Another tourist, Ida Dempsey and her family from Melbourne, fled to their boat which was moored about 200 meters (656 feet) from the shore.
Dozens of fires continue to burn out of control in the states of Victoria and New South Wales (NSW).
Thousands more people were forced to evacuate their homes along the NSW coast on Tuesday, which is dotted with small beach towns popular with holiday-makers over the Christmas season.
In Batemans Bay, NSW, hundreds of families fled their homes Tuesday under an eerie orange sky.
“It was like we were in hell,” vacationer Zoe Simmons told CNN.
“We were all covered in ash.”
Meanwhile, across Victoria, over 200,000 hectares have already been burnt in the fires, according to the state’s Emergency Management Commissioner, Andrew Crisp.
He warned: “It is still a dynamic and dangerous situation.”
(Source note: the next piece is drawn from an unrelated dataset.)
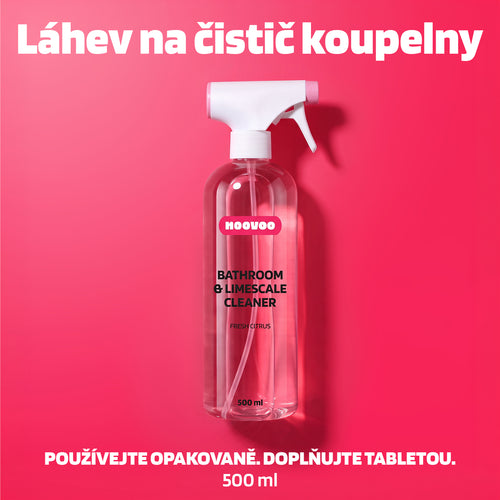 Láhev na čistič koupelny 500 ml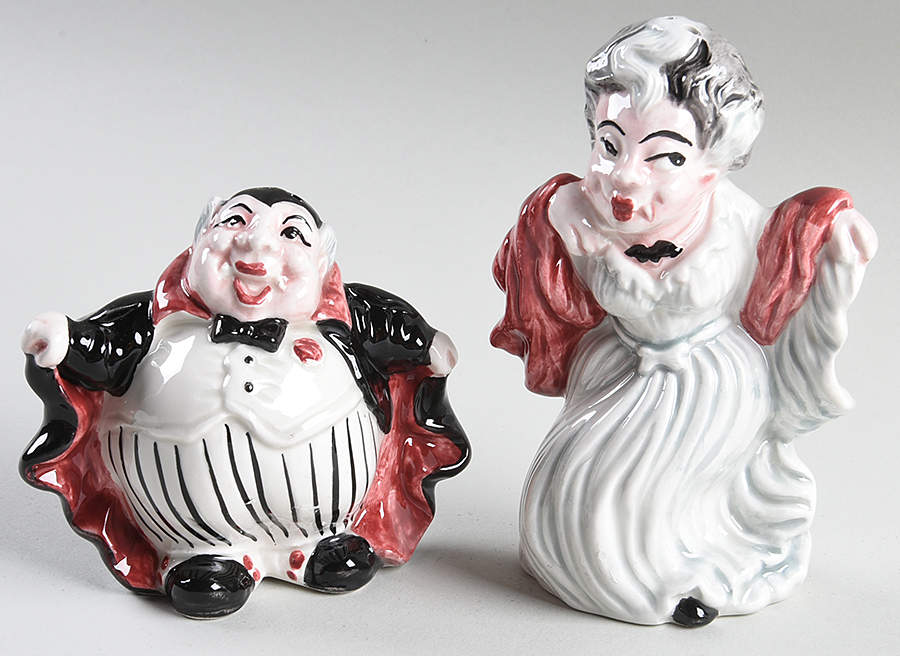 Halloween Hoedown Salt & Pepper Set by Fitz & Floyd-1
There is, however, a glimmer of hope.
Weather conditions are expected to improve in the next 24 hours — meaning cooler temperatures and lower winds — but will worsen again by the end of the week, bringing dangerous fire conditions, according to CNN meteorologists.
By Tuesday evening, some people were even returning to their homes, according to Victoria’s Country Fire Authority Chief, Steve Warrington, though he added that “a number of houses” are believed to be destroyed or damaged.
Victoria Emergency Management Commissioner Andrew Crisp said some communities in the state remain isolated, and food packs and other supplies are being organized for transport.
Emergency crews are still working to determine the extent of damage by air, but suggest significant property loss across the East Gippsland region, he said.